JOHN DOE a/k/a SUBSCRIBER
ASSIGNED IP ADDRESS
147.219.195.147,
ORDER
Defendant.
Plaintiff Strike 3 Holdings, LLC (“Plaintiff”) owns adult motion
pictures that it distributes through paid subscription-based websites,
licenses to broadcasters, or sells on DVD. ECF No. 1 at 3. Using its
infringement detection system, VXN Scan, Plaintiff learned that Defendant
John Doe a/k/a Subscriber Assigned IP Address 147.219.195.147 (“John
Doe”) downloaded and distributed Plaintiff’s copyrighted adult motion
pictures using BitTorrent without Plaintiff’s authorization. Id. at 5. Plaintiff
claims that John Doe has been recorded infringing 24 of its adult motion
pictures over an extended period of time. Id. at 2.1 Plaintiff does not know
John Doe’s identity and only learned his IP address using geolocation
technology, which also traced John Doe’s IP address to this District. Id.
Plaintiff asserts that John Doe’s Internet Service Provider (“ISP”), Spectrum,
can identify John Doe through his IP address. Id.
Plaintiff “only files strong cases against extreme infringers,” who are
categorized as “large scale unauthorized distributors of [Plaintiff’s] content.” ECF
No. 7 at 3–4.
1
Before the Court is Plaintiff’s motion for leave to serve a third-party
subpoena on Spectrum in order to learn John Doe’s identity, investigate
John Doe’s role in the infringement, and effectuate service. ECF No. 6; ECF
No. 7 at 2. Plaintiff so moves due to the Federal Rules of Civil Procedure’s
express prohibition of “seek[ing] discovery from any source before the
parties have conferred as required by Rule 26(f), except . . . when authorized
. . . by court order.” Fed. R. Civ. P. 26(d)(1); ECF No. 7 at 4–5.
The prevailing view in this Circuit is that the movant must
demonstrate “good cause for the request.” Kohler Co. v. Nulka Grp. Storefront
on www.amazon.com, No. 23-CV-0372-BHL, 2023 WL 2919831, at *1 (E.D.
Wis. Mar. 23, 2023) (quoting Dallas Buyers Club, LLC v. Does 1-26, No. 14-C360, 2014 WL 1612251, at *1 (E.D. Wis. Apr. 22, 2014)); see also Wuluvarana v.
Does, No. 22-CV-982-PP, 2023 WL 183874, at *3 (E.D. Wis. Jan. 13, 2023)
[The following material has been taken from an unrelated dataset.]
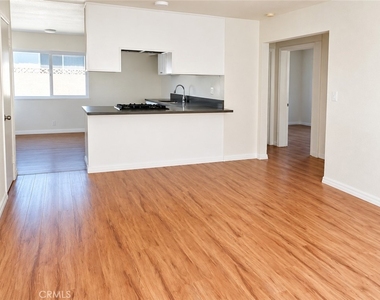 5920 Rostrata - Photo Thumbnail 9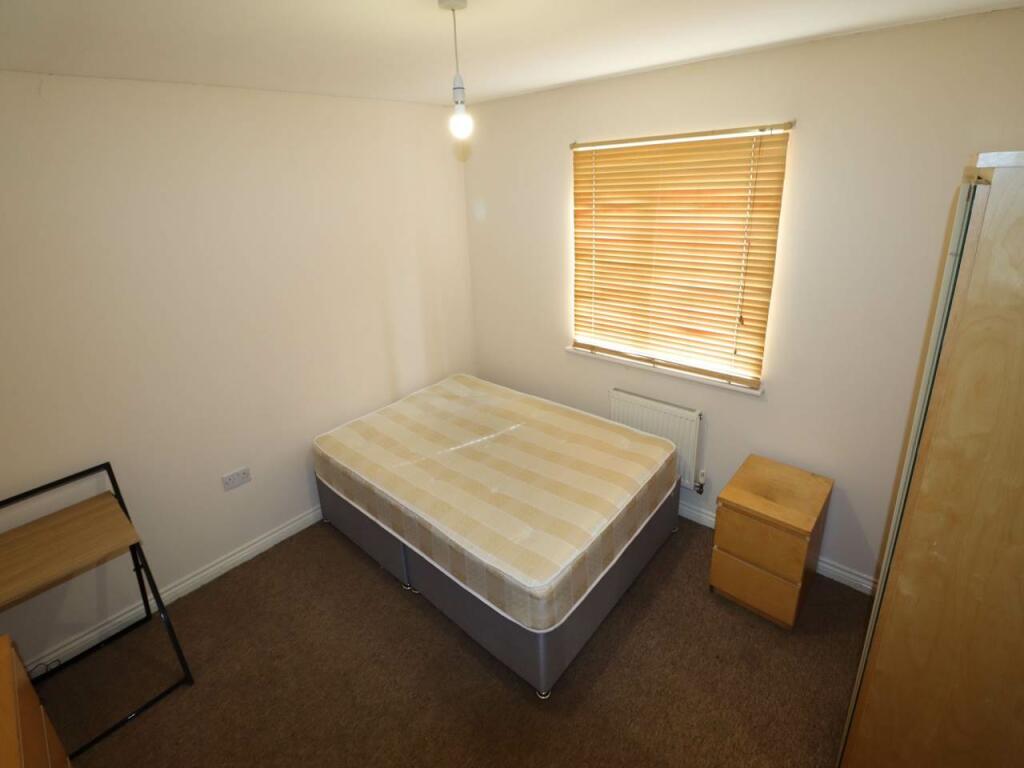 Additional property image - Walker Grove, Hatfield, Hertfordshire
(same) (collecting cases). To assess whether the movant has shown good
cause, courts “generally evaluate ‘the entirety of the record to date and the
reasonableness of the request in light of all the surrounding
circumstances.’” Kohler Co., 2023 WL 2919831, at *1 (quoting Dallas Buyers
Club, LLC, 2014 WL 1612251, at *1). Factors pertinent to the analysis include
(1) the concreteness of the plaintiff’s showing of a prima facie
claim of actionable harm, . . . (2) the specificity of the
discovery request, . . . (3) the absence of alternative means to
obtain the subpoenaed information, . . . (4) the need for the
subpoenaed information to advance the claim, . . . and (5) the
objecting party’s expectation of privacy.
Malibu Media, LLC v. Doe, No. 18 C 5792, 2019 WL 7876473, at *2 (N.D. Ill.
Jan. 2, 2019) (quoting Arista Records, LLC v. Doe 3, 604 F.3d 110, 119 (2d Cir.
2010)).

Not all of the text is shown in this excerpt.